Mapping the proportion of people with West India ancestry in Brooklyn, New York.
library(tidyverse)
library(tidycensus)
library(sf)
library(scales)
library(viridis)
library(plotly)
Census tract boundaries and data are from 2016-2020 5-year American Community Survey, assessed with the tidayverse R package. Census data includes:
Borough boundaries are representated with a shapefile that was downloaded from NYC Open Data
# load all acs variables
#acs201620 <- load_variables(2020, "acs5", cache = T)
# Import table of PEOPLE REPORTING ANCESTRY: B04006
raw_ancestry <- get_acs(geography = "tract",
variables = c(ancestry_pop = "B04006_001",
west_indian = "B04006_094"),
state='NY',
county = 'Kings',
geometry = T,
year = 2020,
output = "wide")
## Warning: • You have not set a Census API key. Users without a key are limited to 500
## queries per day and may experience performance limitations.
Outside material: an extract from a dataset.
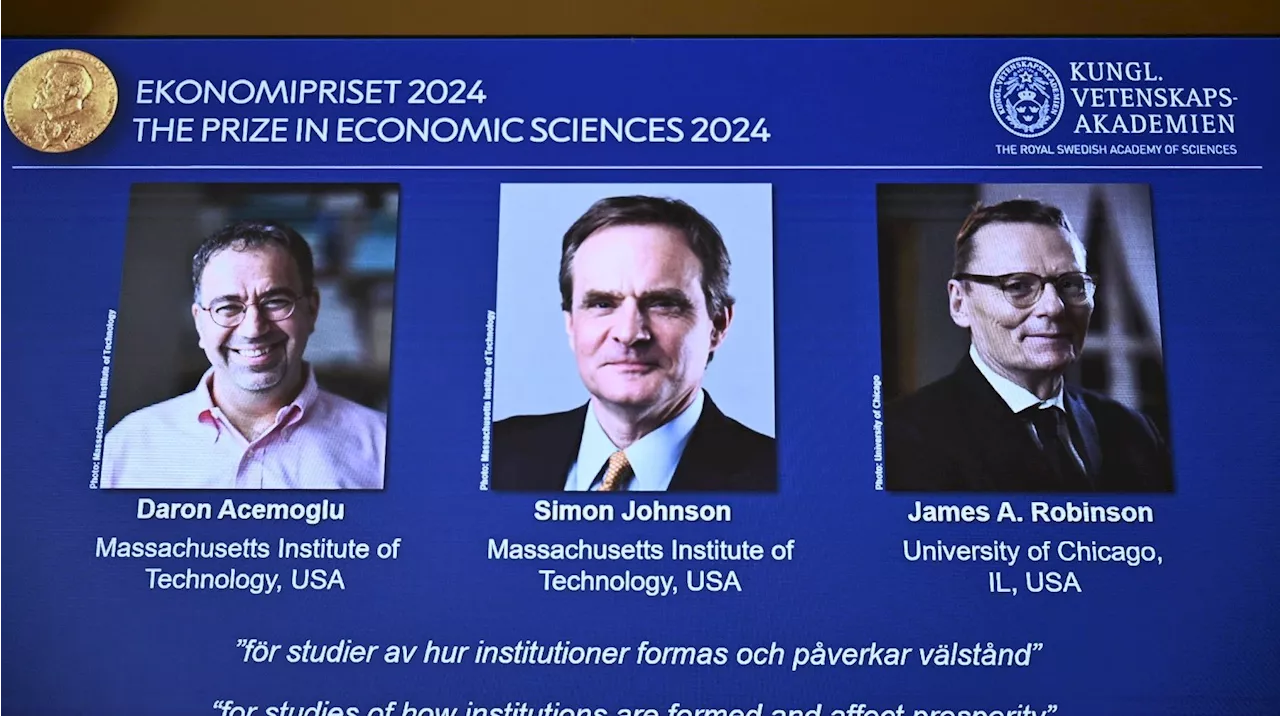 Nobel d'économie : un trio récompensé pour leur recherche sur les inégalités de richesses entre pays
## ℹ For best results, get a Census API key at
## http://api.census.gov/data/key_signup.html and then supply the key to the
## `census_api_key()` function to use it throughout your tidycensus session.
## This warning is displayed once per session.
#mutate pct
west_indian <- raw_ancestry |>
mutate(pct_west_indian = west_indianE/ancestry_popE)
# check the values of percent west indian to see how to map
##how many NAs
summary(west_indian$pct_west_indian)
##trend of data
hist(west_indian$pct_west_indian)
##check is na is actual na
na_tracts <- west_indian |>
filter(is.na(pct_west_indian))
##convert na to actual NAs
west_indian <- raw_ancestry |>
mutate(pct_west_indian = west_indianE/ancestry_popE,
pct_west_indian = ifelse(is.nan(pct_west_indian), NA, pct_west_indian))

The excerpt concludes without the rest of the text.